Look through the records below for the line holding "Independent Studio Milano 150673". Write it out exactly, with each following line through the line holding "Pcom 1276 416x526".

Provided data:
BEGIN

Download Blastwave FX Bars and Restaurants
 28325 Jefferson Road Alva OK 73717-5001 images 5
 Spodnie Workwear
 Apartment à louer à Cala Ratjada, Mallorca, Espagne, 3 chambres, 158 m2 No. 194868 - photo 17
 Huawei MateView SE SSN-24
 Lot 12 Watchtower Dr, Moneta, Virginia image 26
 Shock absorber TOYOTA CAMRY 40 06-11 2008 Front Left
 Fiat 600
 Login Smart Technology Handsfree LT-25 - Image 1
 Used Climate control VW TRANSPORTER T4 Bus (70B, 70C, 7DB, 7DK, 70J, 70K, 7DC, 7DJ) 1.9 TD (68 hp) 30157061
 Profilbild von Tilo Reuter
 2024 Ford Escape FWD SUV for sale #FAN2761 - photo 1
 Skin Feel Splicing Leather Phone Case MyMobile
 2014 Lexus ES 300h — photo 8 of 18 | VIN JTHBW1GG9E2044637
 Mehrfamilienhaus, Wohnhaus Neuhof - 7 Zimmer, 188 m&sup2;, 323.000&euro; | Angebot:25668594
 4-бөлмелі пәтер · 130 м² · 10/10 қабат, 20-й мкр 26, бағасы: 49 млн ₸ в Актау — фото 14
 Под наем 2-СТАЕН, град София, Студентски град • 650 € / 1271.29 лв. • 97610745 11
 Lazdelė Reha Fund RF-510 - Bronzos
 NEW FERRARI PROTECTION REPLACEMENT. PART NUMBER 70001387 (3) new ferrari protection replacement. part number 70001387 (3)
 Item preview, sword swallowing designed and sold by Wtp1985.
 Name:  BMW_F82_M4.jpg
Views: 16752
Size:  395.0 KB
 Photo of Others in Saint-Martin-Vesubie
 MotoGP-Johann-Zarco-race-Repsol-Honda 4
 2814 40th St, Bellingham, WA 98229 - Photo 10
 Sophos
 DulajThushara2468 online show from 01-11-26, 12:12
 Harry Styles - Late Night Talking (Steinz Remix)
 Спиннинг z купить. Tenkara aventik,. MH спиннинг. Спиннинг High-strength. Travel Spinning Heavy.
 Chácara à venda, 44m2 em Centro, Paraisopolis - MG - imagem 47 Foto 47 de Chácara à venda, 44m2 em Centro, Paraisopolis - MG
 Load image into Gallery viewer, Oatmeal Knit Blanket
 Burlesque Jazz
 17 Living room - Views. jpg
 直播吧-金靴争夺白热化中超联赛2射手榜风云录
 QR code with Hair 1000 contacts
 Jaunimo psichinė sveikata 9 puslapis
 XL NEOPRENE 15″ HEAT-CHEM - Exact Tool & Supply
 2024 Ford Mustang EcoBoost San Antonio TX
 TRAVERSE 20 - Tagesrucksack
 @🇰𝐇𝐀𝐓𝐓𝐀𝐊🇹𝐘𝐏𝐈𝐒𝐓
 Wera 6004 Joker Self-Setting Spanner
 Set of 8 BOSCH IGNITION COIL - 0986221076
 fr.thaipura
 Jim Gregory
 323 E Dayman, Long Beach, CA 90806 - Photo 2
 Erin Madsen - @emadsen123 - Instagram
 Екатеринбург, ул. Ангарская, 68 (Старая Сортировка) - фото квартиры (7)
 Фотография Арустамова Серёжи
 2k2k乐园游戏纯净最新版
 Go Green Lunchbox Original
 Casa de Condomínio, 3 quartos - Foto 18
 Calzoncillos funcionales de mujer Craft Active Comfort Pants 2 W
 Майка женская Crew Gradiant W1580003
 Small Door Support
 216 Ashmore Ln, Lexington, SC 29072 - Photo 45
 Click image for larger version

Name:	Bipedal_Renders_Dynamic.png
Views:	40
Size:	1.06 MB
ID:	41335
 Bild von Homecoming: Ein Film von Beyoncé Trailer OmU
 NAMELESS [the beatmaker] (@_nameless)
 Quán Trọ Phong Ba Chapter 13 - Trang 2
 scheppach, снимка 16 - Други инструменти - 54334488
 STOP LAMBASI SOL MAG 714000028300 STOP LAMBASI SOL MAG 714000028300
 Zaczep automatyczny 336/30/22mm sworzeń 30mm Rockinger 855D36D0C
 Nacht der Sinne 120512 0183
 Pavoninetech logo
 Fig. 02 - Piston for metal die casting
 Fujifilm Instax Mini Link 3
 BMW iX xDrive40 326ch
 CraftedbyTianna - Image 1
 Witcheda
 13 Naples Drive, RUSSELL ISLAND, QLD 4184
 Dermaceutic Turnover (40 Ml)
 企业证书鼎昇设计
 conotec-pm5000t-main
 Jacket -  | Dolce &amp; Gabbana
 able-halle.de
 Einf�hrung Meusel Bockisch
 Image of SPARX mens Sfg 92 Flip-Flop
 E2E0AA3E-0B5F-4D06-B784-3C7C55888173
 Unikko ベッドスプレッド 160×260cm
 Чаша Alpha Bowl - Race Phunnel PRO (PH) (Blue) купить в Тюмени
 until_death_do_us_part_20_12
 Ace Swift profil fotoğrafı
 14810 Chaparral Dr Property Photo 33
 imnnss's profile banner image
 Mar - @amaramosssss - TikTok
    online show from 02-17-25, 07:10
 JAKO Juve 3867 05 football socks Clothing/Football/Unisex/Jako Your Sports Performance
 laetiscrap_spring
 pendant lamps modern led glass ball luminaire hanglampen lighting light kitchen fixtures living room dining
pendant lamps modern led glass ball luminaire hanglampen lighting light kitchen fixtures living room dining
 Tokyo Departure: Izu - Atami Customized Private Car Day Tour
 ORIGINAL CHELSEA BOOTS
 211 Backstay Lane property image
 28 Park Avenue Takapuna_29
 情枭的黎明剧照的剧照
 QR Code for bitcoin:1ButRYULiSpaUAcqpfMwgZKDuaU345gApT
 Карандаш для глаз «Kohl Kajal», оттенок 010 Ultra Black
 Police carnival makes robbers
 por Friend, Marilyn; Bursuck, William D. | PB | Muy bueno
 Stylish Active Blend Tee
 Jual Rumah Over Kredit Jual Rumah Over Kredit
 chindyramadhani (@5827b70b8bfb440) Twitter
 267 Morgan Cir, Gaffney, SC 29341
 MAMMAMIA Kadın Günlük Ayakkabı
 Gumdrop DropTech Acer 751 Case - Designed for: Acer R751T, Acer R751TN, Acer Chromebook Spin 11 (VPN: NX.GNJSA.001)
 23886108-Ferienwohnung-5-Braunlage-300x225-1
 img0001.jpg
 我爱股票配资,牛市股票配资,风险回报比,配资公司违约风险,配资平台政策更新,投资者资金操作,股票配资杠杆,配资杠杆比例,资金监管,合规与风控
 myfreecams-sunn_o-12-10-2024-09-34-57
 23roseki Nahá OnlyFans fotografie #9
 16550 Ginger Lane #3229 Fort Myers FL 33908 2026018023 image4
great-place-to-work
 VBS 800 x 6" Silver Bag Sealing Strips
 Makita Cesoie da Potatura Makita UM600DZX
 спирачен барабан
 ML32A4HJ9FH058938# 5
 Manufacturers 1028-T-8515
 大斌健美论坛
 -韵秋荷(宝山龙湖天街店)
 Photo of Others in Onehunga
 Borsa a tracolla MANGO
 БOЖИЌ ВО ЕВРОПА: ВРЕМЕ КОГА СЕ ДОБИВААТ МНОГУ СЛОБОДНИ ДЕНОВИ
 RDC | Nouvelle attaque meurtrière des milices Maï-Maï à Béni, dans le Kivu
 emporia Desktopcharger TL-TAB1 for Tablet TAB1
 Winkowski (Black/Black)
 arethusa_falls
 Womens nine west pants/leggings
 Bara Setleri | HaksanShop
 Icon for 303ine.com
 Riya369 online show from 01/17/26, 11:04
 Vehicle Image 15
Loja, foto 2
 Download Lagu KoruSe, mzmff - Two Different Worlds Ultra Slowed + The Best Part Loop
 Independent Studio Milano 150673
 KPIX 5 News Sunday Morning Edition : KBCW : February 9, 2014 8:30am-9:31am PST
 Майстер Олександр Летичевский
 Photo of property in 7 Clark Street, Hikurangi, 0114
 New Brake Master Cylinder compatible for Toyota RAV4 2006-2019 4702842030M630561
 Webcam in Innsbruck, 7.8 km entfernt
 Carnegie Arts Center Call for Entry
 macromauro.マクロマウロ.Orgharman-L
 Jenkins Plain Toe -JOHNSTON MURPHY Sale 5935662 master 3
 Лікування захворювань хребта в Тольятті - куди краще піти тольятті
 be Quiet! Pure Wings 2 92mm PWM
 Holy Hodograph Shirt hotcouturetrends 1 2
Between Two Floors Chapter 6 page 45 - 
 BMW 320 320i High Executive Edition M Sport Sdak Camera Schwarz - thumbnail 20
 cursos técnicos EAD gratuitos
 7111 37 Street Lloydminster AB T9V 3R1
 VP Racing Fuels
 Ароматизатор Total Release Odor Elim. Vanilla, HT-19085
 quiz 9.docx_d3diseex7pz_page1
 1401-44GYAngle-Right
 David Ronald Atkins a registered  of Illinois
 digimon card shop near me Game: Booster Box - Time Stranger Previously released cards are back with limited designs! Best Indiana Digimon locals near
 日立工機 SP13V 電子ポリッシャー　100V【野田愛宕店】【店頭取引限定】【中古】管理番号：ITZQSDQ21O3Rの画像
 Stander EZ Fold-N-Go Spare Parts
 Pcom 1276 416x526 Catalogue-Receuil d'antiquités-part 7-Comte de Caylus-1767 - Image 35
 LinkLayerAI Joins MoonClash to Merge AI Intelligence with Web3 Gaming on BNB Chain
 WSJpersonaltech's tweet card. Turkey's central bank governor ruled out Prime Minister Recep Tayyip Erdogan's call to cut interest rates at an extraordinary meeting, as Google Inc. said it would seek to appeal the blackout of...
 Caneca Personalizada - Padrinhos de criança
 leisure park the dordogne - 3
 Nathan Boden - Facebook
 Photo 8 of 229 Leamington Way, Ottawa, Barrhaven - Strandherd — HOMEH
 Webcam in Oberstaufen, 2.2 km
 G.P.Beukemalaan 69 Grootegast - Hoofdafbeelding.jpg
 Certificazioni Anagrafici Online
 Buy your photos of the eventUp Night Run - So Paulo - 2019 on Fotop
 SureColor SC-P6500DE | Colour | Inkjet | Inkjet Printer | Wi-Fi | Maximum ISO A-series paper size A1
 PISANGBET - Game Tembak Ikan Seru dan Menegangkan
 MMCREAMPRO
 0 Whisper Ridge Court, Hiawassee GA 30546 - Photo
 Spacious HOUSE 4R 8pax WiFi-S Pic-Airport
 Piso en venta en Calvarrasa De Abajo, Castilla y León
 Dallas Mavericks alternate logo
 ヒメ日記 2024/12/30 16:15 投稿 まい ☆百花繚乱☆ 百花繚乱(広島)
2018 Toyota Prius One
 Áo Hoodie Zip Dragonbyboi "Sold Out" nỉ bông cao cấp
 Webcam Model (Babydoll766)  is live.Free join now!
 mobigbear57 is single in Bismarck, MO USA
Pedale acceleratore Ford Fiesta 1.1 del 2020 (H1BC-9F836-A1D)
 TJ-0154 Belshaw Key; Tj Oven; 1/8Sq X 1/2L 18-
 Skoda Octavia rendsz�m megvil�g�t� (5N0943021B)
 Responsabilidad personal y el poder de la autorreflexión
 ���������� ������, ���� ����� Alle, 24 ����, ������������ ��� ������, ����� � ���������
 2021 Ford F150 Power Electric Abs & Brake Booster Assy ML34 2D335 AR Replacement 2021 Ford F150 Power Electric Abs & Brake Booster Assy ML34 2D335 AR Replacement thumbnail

END

Answer box:
 Independent Studio Milano 150673
 KPIX 5 News Sunday Morning Edition : KBCW : February 9, 2014 8:30am-9:31am PST
 Майстер Олександр Летичевский
 Photo of property in 7 Clark Street, Hikurangi, 0114
 New Brake Master Cylinder compatible for Toyota RAV4 2006-2019 4702842030M630561
 Webcam in Innsbruck, 7.8 km entfernt
 Carnegie Arts Center Call for Entry
 macromauro.マクロマウロ.Orgharman-L
 Jenkins Plain Toe -JOHNSTON MURPHY Sale 5935662 master 3
 Лікування захворювань хребта в Тольятті - куди краще піти тольятті
 be Quiet! Pure Wings 2 92mm PWM
 Holy Hodograph Shirt hotcouturetrends 1 2
Between Two Floors Chapter 6 page 45 - 
 BMW 320 320i High Executive Edition M Sport Sdak Camera Schwarz - thumbnail 20
 cursos técnicos EAD gratuitos
 7111 37 Street Lloydminster AB T9V 3R1
 VP Racing Fuels
 Ароматизатор Total Release Odor Elim. Vanilla, HT-19085
 quiz 9.docx_d3diseex7pz_page1
 1401-44GYAngle-Right
 David Ronald Atkins a registered  of Illinois
 digimon card shop near me Game: Booster Box - Time Stranger Previously released cards are back with limited designs! Best Indiana Digimon locals near
 日立工機 SP13V 電子ポリッシャー　100V【野田愛宕店】【店頭取引限定】【中古】管理番号：ITZQSDQ21O3Rの画像
 Stander EZ Fold-N-Go Spare Parts
 Pcom 1276 416x526 Catalogue-Receuil d'antiquités-part 7-Comte de Caylus-1767 - Image 35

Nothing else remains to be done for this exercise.